╭─ Available records

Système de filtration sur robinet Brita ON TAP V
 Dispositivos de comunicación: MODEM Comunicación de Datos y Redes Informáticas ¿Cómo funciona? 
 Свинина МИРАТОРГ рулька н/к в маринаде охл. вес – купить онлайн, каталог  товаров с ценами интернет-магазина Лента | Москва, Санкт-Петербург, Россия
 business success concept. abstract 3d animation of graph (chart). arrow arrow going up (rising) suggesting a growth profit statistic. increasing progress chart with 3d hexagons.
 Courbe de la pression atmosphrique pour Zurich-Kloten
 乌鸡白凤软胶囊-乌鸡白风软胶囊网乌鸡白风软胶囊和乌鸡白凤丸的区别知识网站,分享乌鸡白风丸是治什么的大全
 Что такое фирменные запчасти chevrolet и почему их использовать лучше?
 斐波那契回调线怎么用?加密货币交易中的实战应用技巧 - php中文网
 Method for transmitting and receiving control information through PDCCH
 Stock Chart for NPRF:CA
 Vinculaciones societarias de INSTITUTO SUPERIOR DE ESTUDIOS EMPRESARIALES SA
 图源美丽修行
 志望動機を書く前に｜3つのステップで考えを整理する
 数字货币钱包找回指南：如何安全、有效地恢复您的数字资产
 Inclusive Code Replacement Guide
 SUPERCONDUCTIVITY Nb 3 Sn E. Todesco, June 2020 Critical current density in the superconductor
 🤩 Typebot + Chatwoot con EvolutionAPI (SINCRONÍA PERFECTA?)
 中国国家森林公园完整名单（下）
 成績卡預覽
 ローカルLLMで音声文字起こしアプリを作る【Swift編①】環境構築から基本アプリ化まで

╰─

▶ Exercise
Every record should be given again exactly.

▶ Exercise solution
Système de filtration sur robinet Brita ON TAP V
 Dispositivos de comunicación: MODEM Comunicación de Datos y Redes Informáticas ¿Cómo funciona? 
 Свинина МИРАТОРГ рулька н/к в маринаде охл. вес – купить онлайн, каталог  товаров с ценами интернет-магазина Лента | Москва, Санкт-Петербург, Россия
 business success concept. abstract 3d animation of graph (chart). arrow arrow going up (rising) suggesting a growth profit statistic. increasing progress chart with 3d hexagons.
 Courbe de la pression atmosphrique pour Zurich-Kloten
 乌鸡白凤软胶囊-乌鸡白风软胶囊网乌鸡白风软胶囊和乌鸡白凤丸的区别知识网站,分享乌鸡白风丸是治什么的大全
 Что такое фирменные запчасти chevrolet и почему их использовать лучше?
 斐波那契回调线怎么用?加密货币交易中的实战应用技巧 - php中文网
 Method for transmitting and receiving control information through PDCCH
 Stock Chart for NPRF:CA
 Vinculaciones societarias de INSTITUTO SUPERIOR DE ESTUDIOS EMPRESARIALES SA
 图源美丽修行
 志望動機を書く前に｜3つのステップで考えを整理する
 数字货币钱包找回指南：如何安全、有效地恢复您的数字资产
 Inclusive Code Replacement Guide
 SUPERCONDUCTIVITY Nb 3 Sn E. Todesco, June 2020 Critical current density in the superconductor
 🤩 Typebot + Chatwoot con EvolutionAPI (SINCRONÍA PERFECTA?)
 中国国家森林公园完整名单（下）
 成績卡預覽
 ローカルLLMで音声文字起こしアプリを作る【Swift編①】環境構築から基本アプリ化まで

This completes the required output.